Items from a dataset:
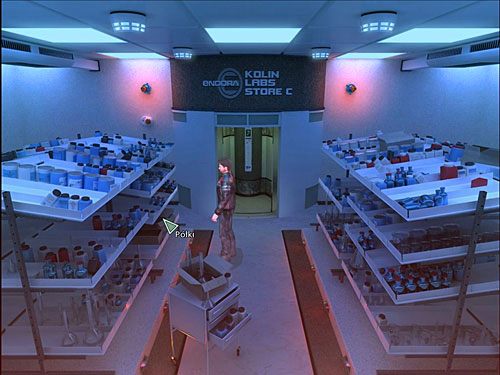 Wróć do holu, urzędnik aktywuje unieruchomioną alarmem windę - Wymień kamerę | Rozdział 4 | Alternativa - Alternativa - poradnik do gry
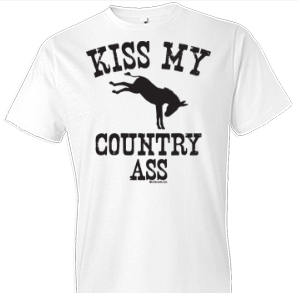 Kiss My Country Tshirt - TshirtNow.net - 1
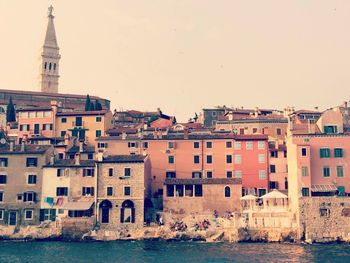 Buildings with waterfront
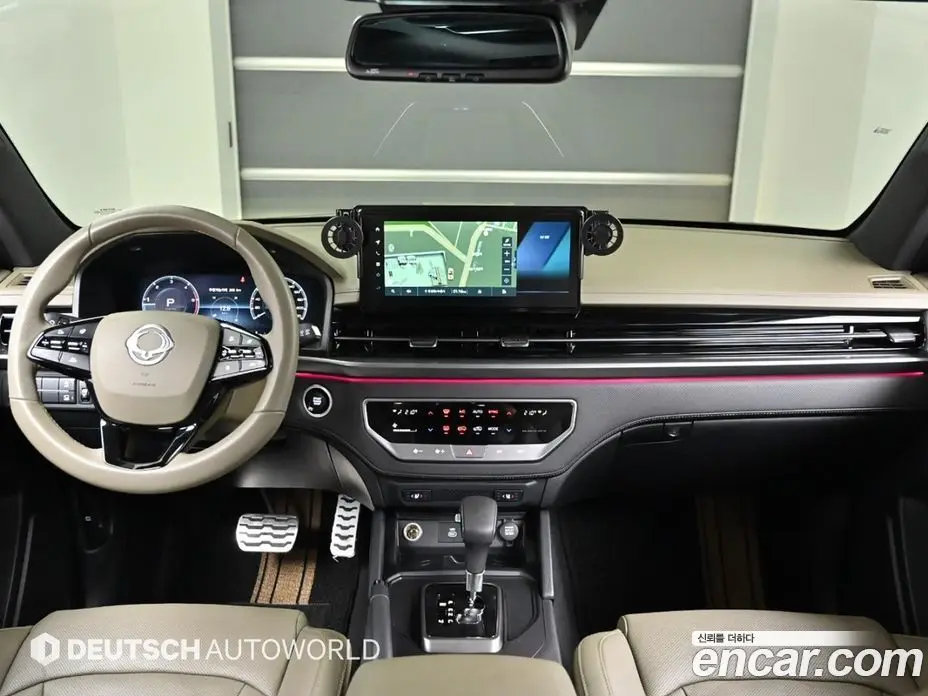 SsangYong Musso 2025 2.2 автомат (гидро), фото 7 SsangYong Musso 2025 2.2 автомат (гидро), фото 7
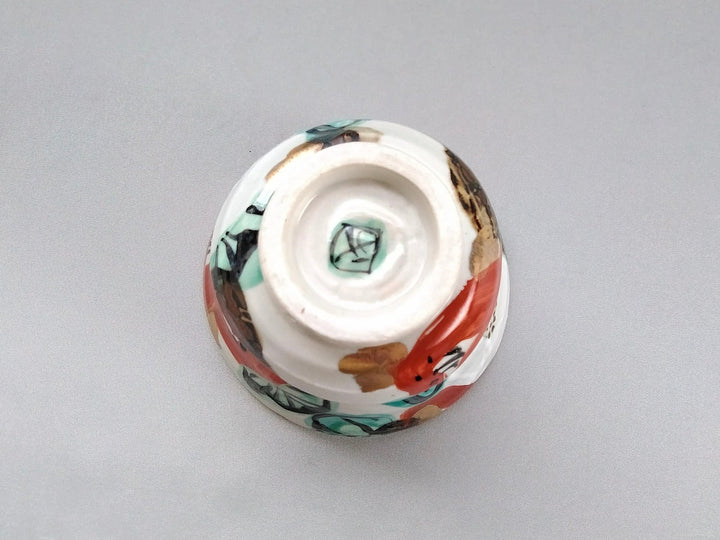 Colored Camellia neck pump out - Crafted By Hitori Wada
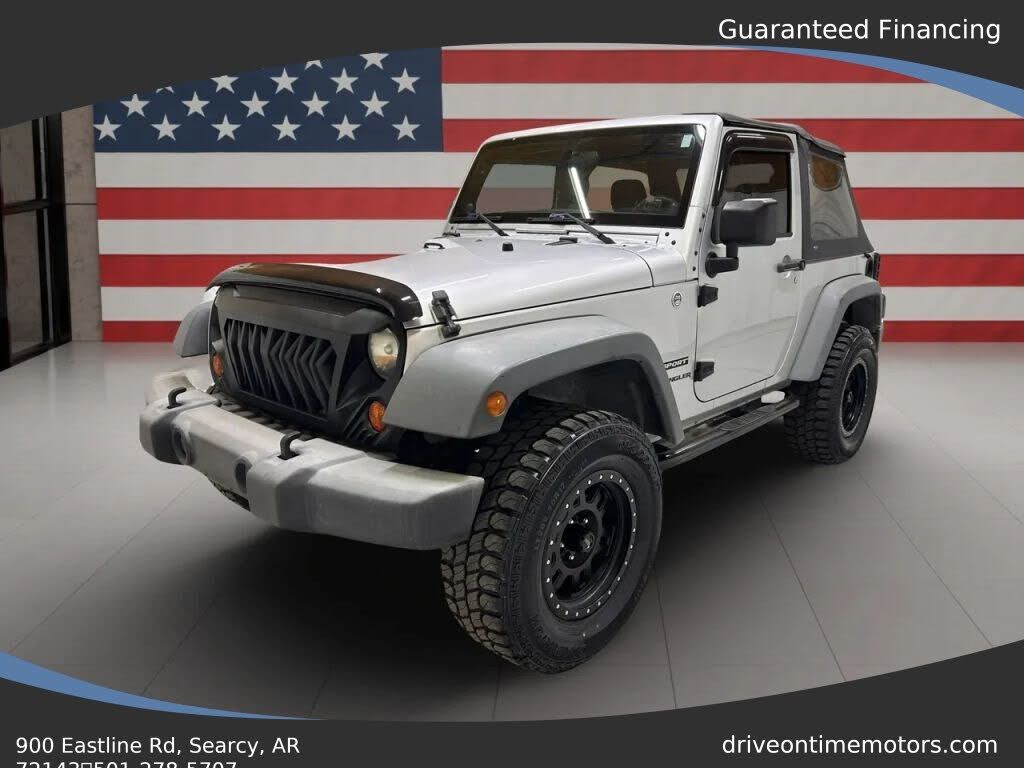2012 JEEP Wrangler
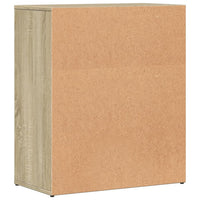 Thumbnail for Sideboards 2 Stk. Sonoma-Eiche 60x31x70 cm Holzwerkstoff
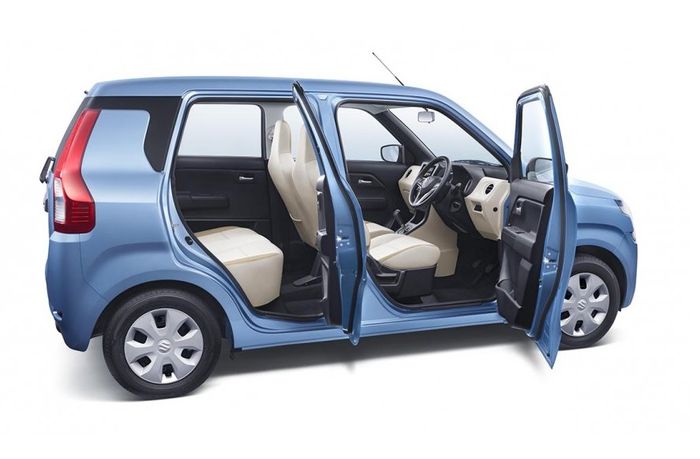 Dimensi Suzuki Wagon R baru lebih besar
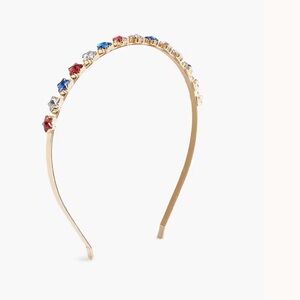 NWOT j crew Girls' star gem headband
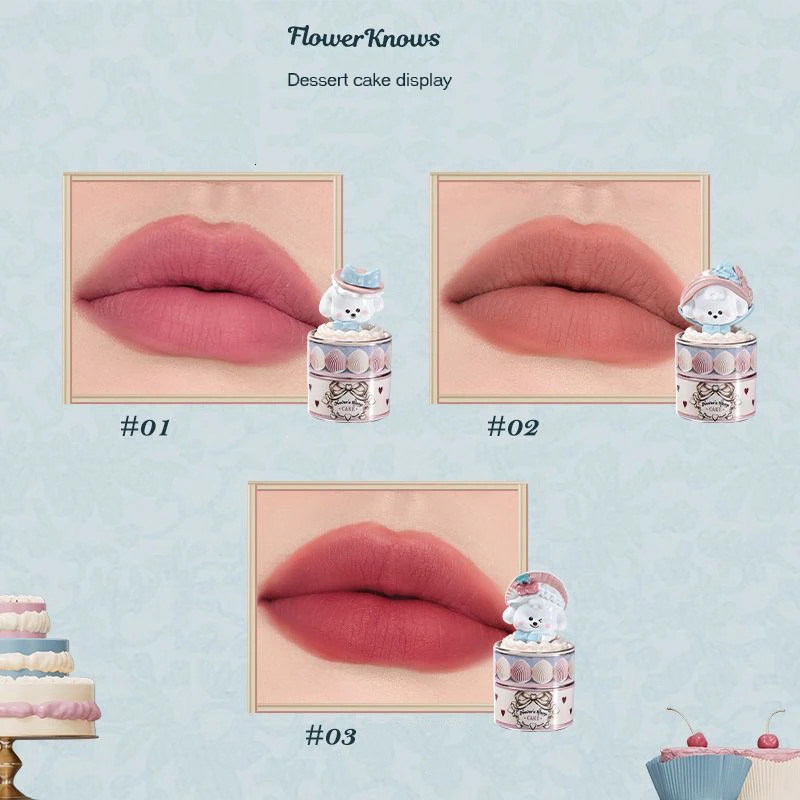 Nevers Shop Collection Creamy Matte Lipstick Natural Velvet Finish Hydrating E Core Vegan Makeup Lip Mud 240621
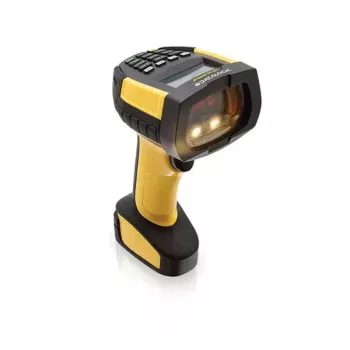 Hand-Barcodeleser Datalogic PM9600-DKHP433RB 1D/2D Laser Schwarz Gelb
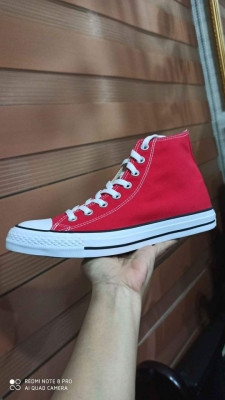 CONVERSE ALL STAR HI (RED)❗ LEGIT 💯 ORIGINAL 💯 Size 7.5US mens/9.5wmns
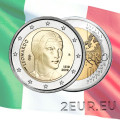 Italië 2 euro UNC 2019 - 500e sterfdag van Leonardo da Vinci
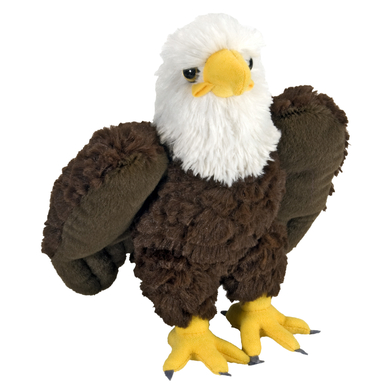 Levně Wild Republic PlyĹˇovĂˇ hraÄŤka Cuddle kins Mini Eagle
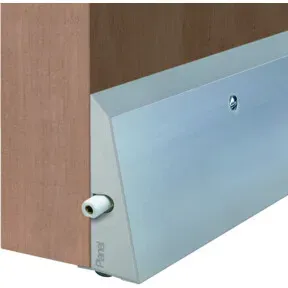 PLANET ASSA ABLOY Abdeckprofil Sockel, 950mm Aluminium silberfarbig eloxiert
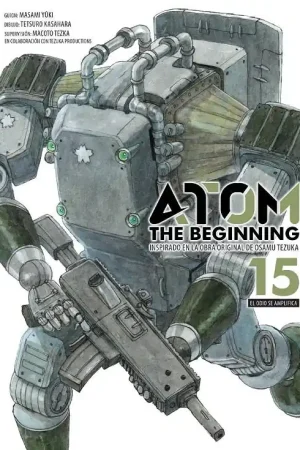 ATOM, THE BEGINNING 15 Rebajas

THE PROBLEM: Could you restate every record above word for word, dropping the pictures?

SOLUTION TO THIS TASK:
 Wróć do holu, urzędnik aktywuje unieruchomioną alarmem windę - Wymień kamerę | Rozdział 4 | Alternativa - Alternativa - poradnik do gry
 Kiss My Country Tshirt - TshirtNow.net - 1
 Buildings with waterfront
 SsangYong Musso 2025 2.2 автомат (гидро), фото 7 SsangYong Musso 2025 2.2 автомат (гидро), фото 7
 Colored Camellia neck pump out - Crafted By Hitori Wada
2012 JEEP Wrangler
 Thumbnail for Sideboards 2 Stk. Sonoma-Eiche 60x31x70 cm Holzwerkstoff
 Dimensi Suzuki Wagon R baru lebih besar
 NWOT j crew Girls' star gem headband
 Nevers Shop Collection Creamy Matte Lipstick Natural Velvet Finish Hydrating E Core Vegan Makeup Lip Mud 240621
 Hand-Barcodeleser Datalogic PM9600-DKHP433RB 1D/2D Laser Schwarz Gelb
 CONVERSE ALL STAR HI (RED)❗ LEGIT 💯 ORIGINAL 💯 Size 7.5US mens/9.5wmns
 Italië 2 euro UNC 2019 - 500e sterfdag van Leonardo da Vinci
 Levně Wild Republic PlyĹˇovĂˇ hraÄŤka Cuddle kins Mini Eagle
 PLANET ASSA ABLOY Abdeckprofil Sockel, 950mm Aluminium silberfarbig eloxiert
 ATOM, THE BEGINNING 15 Rebajas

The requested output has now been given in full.